First, I want to say this: I have no idea whether his claim that Africans got a lower IQ score on the test in question is true or false. I hope it is false. There's a possible explanation that is totally in support of the Africans, EVEN if the claim was true. Here it is:

IQ tests are culturally biased. If the test asks "How do you use a teacup?" a British person will be likely to know the answer - a lot of them use teacups daily. Do Africans use teacups every day? Maybe they'll bomb on the teacup question because they drink their tea from bowls as with Japanese matcha tea, or from gourds as with yerba mate tea. If you ask them "Is a rattlesnake dangerous?" that question is irrelevant to them. They have boa constrictors, but not rattlesnakes.

There are tests that are designed to prevent these differences from influencing your score. They're called "culture fair tests". Nobody here has specified whether a culture fair test was used (I searched the page).

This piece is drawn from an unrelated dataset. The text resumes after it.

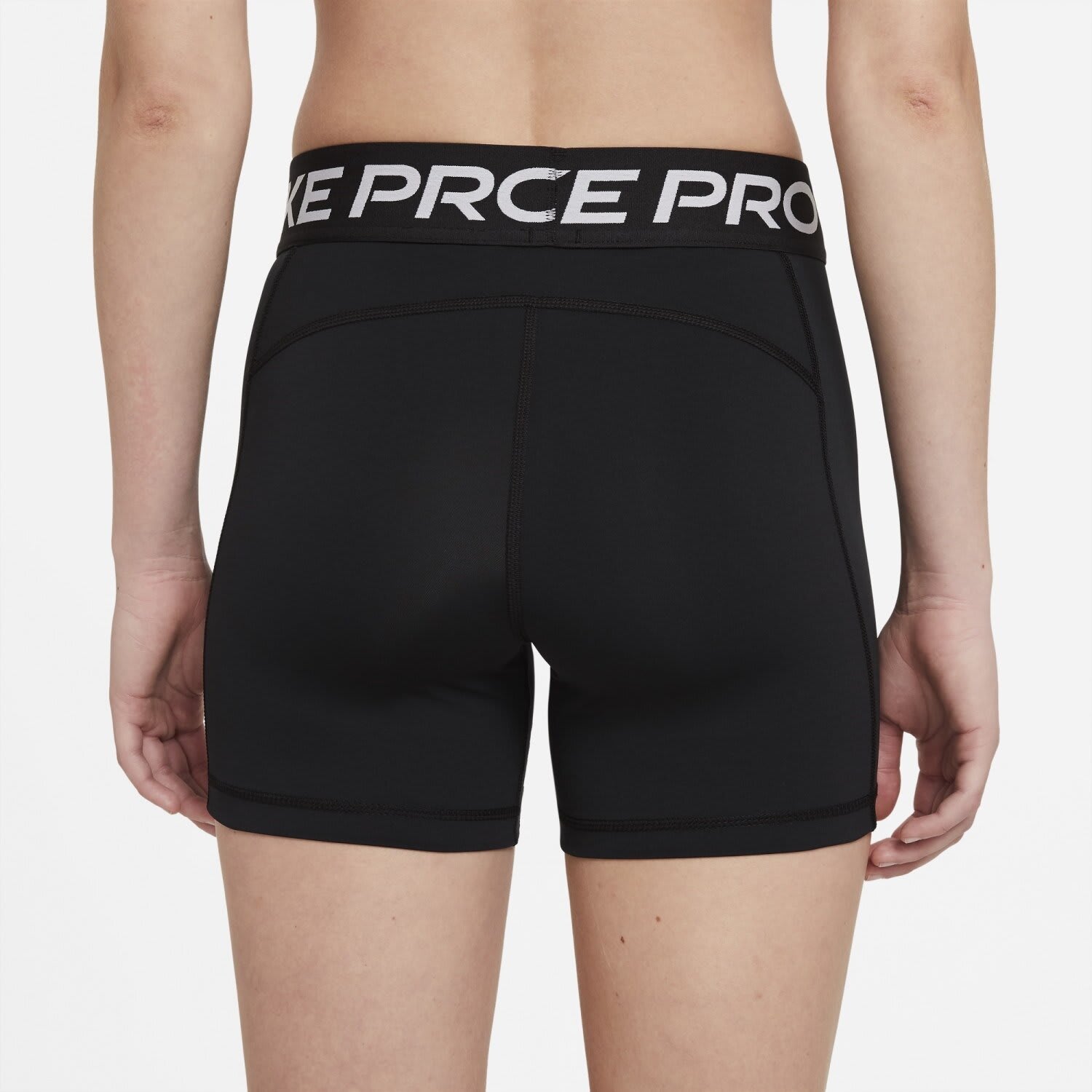Nike Women's Pro Cool 5 Inch Short Tight, by Nike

Comment author: RichardKennaway 14 August 2012 11:57:44AM 14 points [-]

There's a possible explanation that is totally in support of the Africans, EVEN if the claim was true. Here it is:

IQ tests are culturally biased.

Where did this explanation come from? The way you present it, it's as if you looked for this explanation in order to save a belief about the intelligence of Africans.

If the test asks "How do you use a teacup?"

I have seen a few IQ tests, and none of them contain questions remotely like this. This imaginary IQ test question seems to have been invented as fictional evidence to support the explanation.

IQ tests these days are typically "culture-fair", by which is meant that the questions are non-verbal and non-pictorial. At least, that is what is usually meant, although on googling for "culture-fair", I did notice the occasional assumption that a test that gives different average scores to people from different cultures is ispo facto not culture-fair, making equality of IQ between cultures an axiom instead of an observation.